Qué sabe nadie
Si nos ponemos exquisitos, podríamos citar a Aristóteles, que creo que en «De ánima» discurre sobre el origen doble de las motivaciones, o tomar una postura pedante con las teorías de la persuasión, que podría haber destilado Platón en «Gorgias», pero casi es mejor recurrir a una canción del gran Alejandro, y que canta con emocionada entrega Raphael: «Qué sabe nadie». Qué sabe nadie si las decisiones que nosotros tomamos por falta de coraje no son sino una razonable actitud en aras de la virtuosa prudencia. Qué sabe nadie si un hijo reciente en el seno de una pareja madura pesa más que las ambiciones, o cuál es la escala de valores y qué se sanciona como más importante en los recovecos de un ser humano.
Cuando tomamos una decisión que nos afecta es probable que nos equivoquemos, pero lo seguro es que ningún otro, ni siquiera la persona con la que compartimos el lecho, posea tanta información como nosotros mismos. Nadie.
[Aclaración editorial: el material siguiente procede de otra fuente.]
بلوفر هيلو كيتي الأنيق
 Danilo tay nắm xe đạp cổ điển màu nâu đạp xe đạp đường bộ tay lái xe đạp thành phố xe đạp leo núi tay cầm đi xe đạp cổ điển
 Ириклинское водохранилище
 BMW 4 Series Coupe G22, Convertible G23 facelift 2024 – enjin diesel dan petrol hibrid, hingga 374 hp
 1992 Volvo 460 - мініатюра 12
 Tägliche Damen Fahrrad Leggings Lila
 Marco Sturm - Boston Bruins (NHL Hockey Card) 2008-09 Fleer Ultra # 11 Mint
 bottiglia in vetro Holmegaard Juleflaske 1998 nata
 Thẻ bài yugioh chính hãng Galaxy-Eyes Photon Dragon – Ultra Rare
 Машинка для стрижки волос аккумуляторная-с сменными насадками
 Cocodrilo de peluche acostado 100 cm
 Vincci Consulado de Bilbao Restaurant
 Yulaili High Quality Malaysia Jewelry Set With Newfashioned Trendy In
Este hombre discreto, cuyas relaciones amorosas son tan privadas que a los tontos les podrían llegar a parecer clandestinas, soporta rumores y maledicencias con bastante elegancia, con ese distanciamiento que parecería británico, de no ser porque, con ser gallego, ya tiene parte del recorrido cumplimentado. Le han intentado buscar recovecos en una trayectoria que es lisa como una barandilla recién barnizada, y a la cofradía de la murmuración le puede parecer que subirse al barco de una persona con supuestas actividades oscuras ya es una astilla peligrosa y culpable, pero en la vida no saludamos, ni nos sentamos, ni navegamos con otras personas habiéndoles pedido previamente un historial llevado a cabo por detectives, amén de varios certificados de buena conducta.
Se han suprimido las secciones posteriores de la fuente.